The locker was close to being gone for good.
Renovations of the Cardinals’ locker room at the team’s Tempe practice facility started with taking down what was already there, and workmen were in the process of dismantling and throwing out the old wooden stalls that had served players since the facility opened in 1990.
But one locker the team was hoping to save. Pat Tillman’s last stall when he played for the team, one over from the south end up against the east wall, was a keeper. At least, that was the plan, and fortunately, Jim Omohundro -- the team’s broadcast and new media manager – got back in time to make that happen.

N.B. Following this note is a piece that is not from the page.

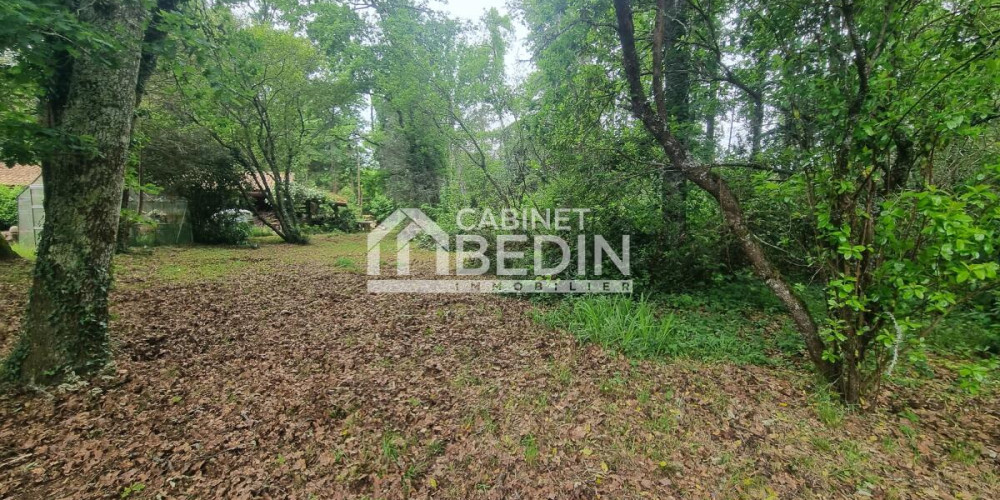 terrain à ST AUBIN DE MEDOC (33160)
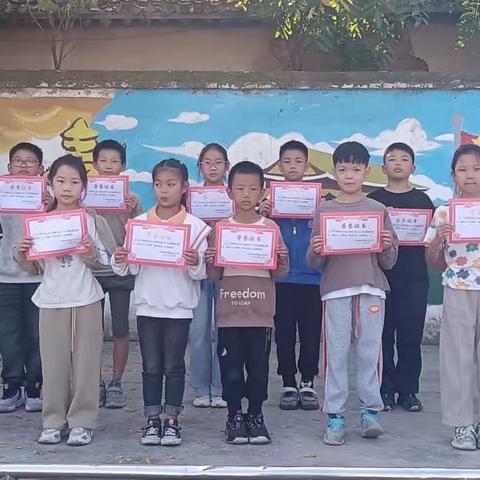 义庄小学10月份跳绳比赛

Eventually, the locker will be put together for public display, most likely stationed in the lobby of the same practice facility it has always lived. It will serve as yet another reminder of the one-time safety who left the Cardinals to join the military after the 2001 season and later lost his life in combat on April 22, 2004 – right before the NFL draft. With the anniversary of Tillman’s death approaching and the annual 4.2-mile run held in his honor a week from Saturday, it is the time of year when Tillman’s legacy resonates.
There are already small reminders of Tillman in the facility, including his portrait framed on the wall in the training room – a gesture done by former head athletic trainer John Omohundro, Jim’s father – and a print of Tillman’s iconic “scream” picture hanging in the office of current head athletic trainer Tom Reed.
The locker will be part of that.
The idea for keeping the locker germinated in 2006, when Omohundro was looking through old video tapes of the television segment “Wednesdays with Frank,” a bit hosted by then-wide receiver Frank Sanders in the team’s locker room after practice. In one standup during the 2000 season, Omohundro noticed Tillman’s locker in the background.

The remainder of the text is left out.